Showing posts with label Art vs Reality. Show all posts
Showing posts with label Art vs Reality. Show all posts

Friday, 8 March 2019

Separating The Singer From The Song.

The Singer And His Song: Is it possible to judge a work of art purely on its own merits? Can we truly set aside what we know about the artist and focus exclusively on what he or she has created? Can the singer ever be separated from the song?

BACK IN THE DAYS when I boasted much more hair and carried far fewer kilos, I was right into (as we said back then) writing songs. One of those songs, The Other Side of Town, opened like this:

Well, the street has been my teacher
And poverty my nurse

Oh dear, how my family and friends chortled. “You wouldn’t know how to live out on the street if your life depended on it!”, snorted one.

“Raised in poverty?”, laughed another, “you must be writing about somebody else!”

Which, of course, I was. Though the song is written in the first person, it is not in the least autobiographical. The “hero” of the song: a young man from the wrong side of the tracks, who has fallen hard for a young woman from the right side; is entirely fictional.

In fine romantic style, he contrasts his sufficient-unto-the-day approach to life with the complicated mix of expectations and aspirations of his middle-class girlfriend:

But you have built a puzzle
And I’m the piece that just don’t fit
You fret about tomorrow
Whereas I don’t care a bit

Aware of the sheer unlikelihood of two people so dissimilar enjoying a long relationship, the hero anticipates his lover’s decision to break it off and forgives her in advance. All he asks is that he not be forgotten:

I don’t mind that you refuse me
I don’t want to tie you down
Just remember me as someone from
The other side of town.

Banal and adolescent? I’m afraid so. But my family and friends reaction to The Other Side of Town provided me with a very early introduction to a problem that is still very much with us. Is it possible to judge a work of art purely on its own merits? Can we truly set aside what we know about the artist and focus exclusively on what he or she has created? Can the singer ever be separated from the song?
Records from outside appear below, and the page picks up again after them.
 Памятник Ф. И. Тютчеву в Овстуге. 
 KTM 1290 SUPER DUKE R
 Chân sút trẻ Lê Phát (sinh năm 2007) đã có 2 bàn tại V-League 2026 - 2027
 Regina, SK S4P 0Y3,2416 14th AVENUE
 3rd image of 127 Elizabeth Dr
Quite a few of my friends just couldn’t manage it. They simply couldn’t reconcile the rather innocent lad who had written and was singing the song, with the worldly, Luke Perry-type character who was its subject.

“What do you know about any of this stuff? Where do you get off pretending to be a kid from the wrong side of the tracks?”
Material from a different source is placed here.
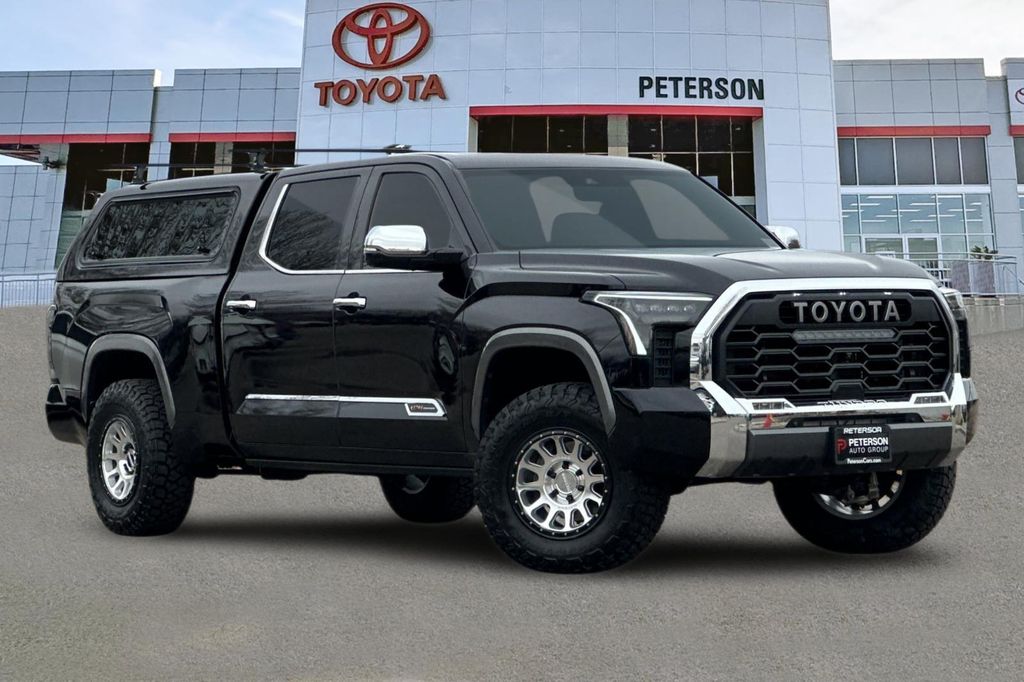 TOYOTA TUNDRA - 2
Forty-five years after the song was written, I suspect a younger generation of listeners would recoil with additional disdain from the lofty condescension and “mansplaining” contained in the lyrics. “Bloody hell!”, they’d guffaw, “the poor girl’s well rid of him! What an obnoxious macho prick!”

To which, in my own defence, I would offer up L. P. Hartley’s famous observation: “The past is a foreign country: they do things differently there.”

If we are to admire, or condemn, artists – as artists – we should do so solely on the basis of whether or not their creations move us towards a deeper understanding of the drama and the mystery of human experience. As individuals, they may be deeply flawed beings. Indeed, deeply flawed individuals and great art have a curious way of feeding off one another. But does that mean that we should burn all of James K. Baxter’s magnificent poetry, because in a private letter to a friend he admits to raping his wife?  Should Beat It and Billie Jean never be played again, because Michael Jackson stands accused of being a pedophile?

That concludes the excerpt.